"Ya bosan, Mas. Anak saya sampai bilang mukanya sudah mirip gulungan mi." Pak Amat tertawa.
Kedua anak itu terdiam melihat Pak Amat menyiapkan pesanan. "Yang sabar ya, Pak. Kalau nanti coronanya sudah pergi, pasti orang-orang jadi panic shopping. Setiap ada penjual lewat dibeli."
     "Panic shopping?" tanya Pak Amat heran.
     "Iya, Pak. Kalap mata karena lama di dalam rumah. Apa-apa dibeli," kata anak laki-laki itu.
     "Iya, Pak.
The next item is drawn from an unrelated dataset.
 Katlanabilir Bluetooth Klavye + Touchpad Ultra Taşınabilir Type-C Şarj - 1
Bapak sebaiknya di rumah saja bila semakin sepi, Pak. Bapak juga harus menjaga kesehatan agar nanti bisa jualan lagi setelah situasi membaik, Pak," kata yang lainnya menimpali.
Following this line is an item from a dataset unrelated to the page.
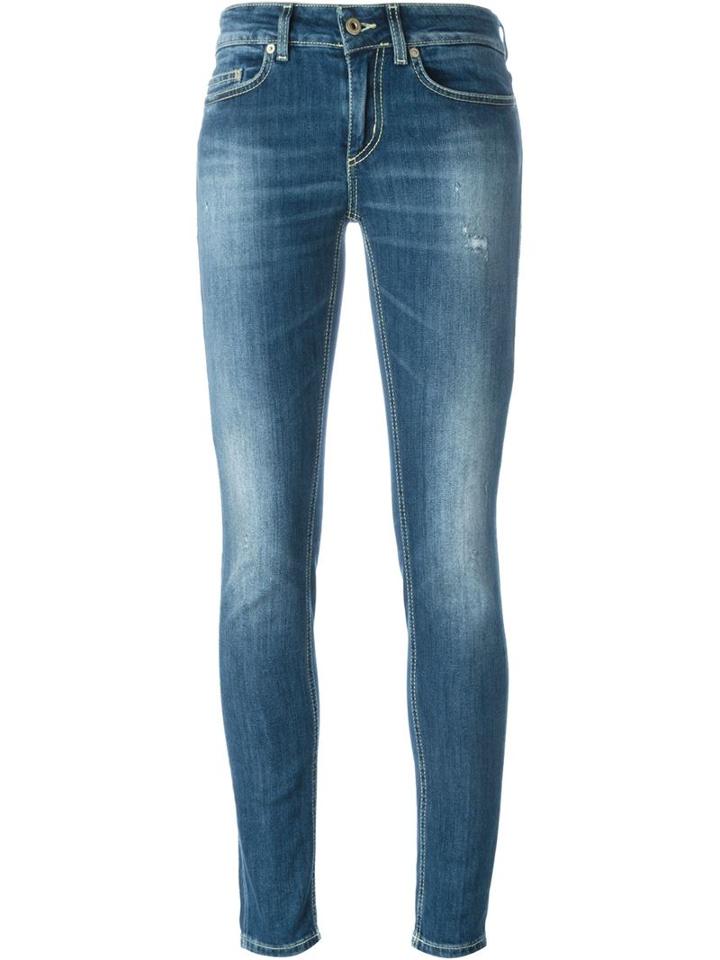 Dondup Washed Skinny Fit Jeans, Women's, Size: 30, Blue, Cotton/polyester/spandex/elastane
     "Betul, Pak. Daripada rugi juga, Pak, sudah mengeluarkan modal dan harus makan mi ayam setiap hari."
     Pak Amat terdiam mendengar saran kedua anak muda itu. Ada benarnya juga kata mereka. Ia terdiam sambil terus menyiapkan pesanannya.
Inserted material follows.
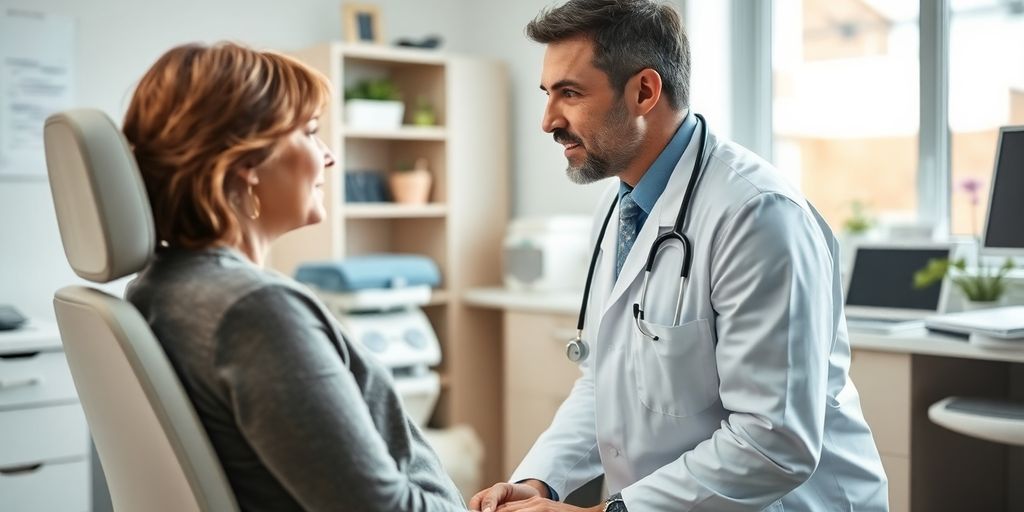 Morbus Bechterew: Patient und Arzt im Beratungsgespräch in der Praxis.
     "Ini, Mas," kata Pak Amat sambil memberikan bungkusan pesanannya.
     "Harganya sama kan, Pak? Untuk Bapak saja kembaliannya," kata salah satu anak menyerahkan uang seratus ribuan.
     "Ini banyak sekali, Mas," kata Pak Amat terharu.
     "Kita juga jarang jajan kok, Pak," kata anak itu tersenyum. "Yang sabar ya, Pak. Allah tidak akan pernah menguji kita jika kita tidak mampu menghadapinya." Mereka pun berlalu.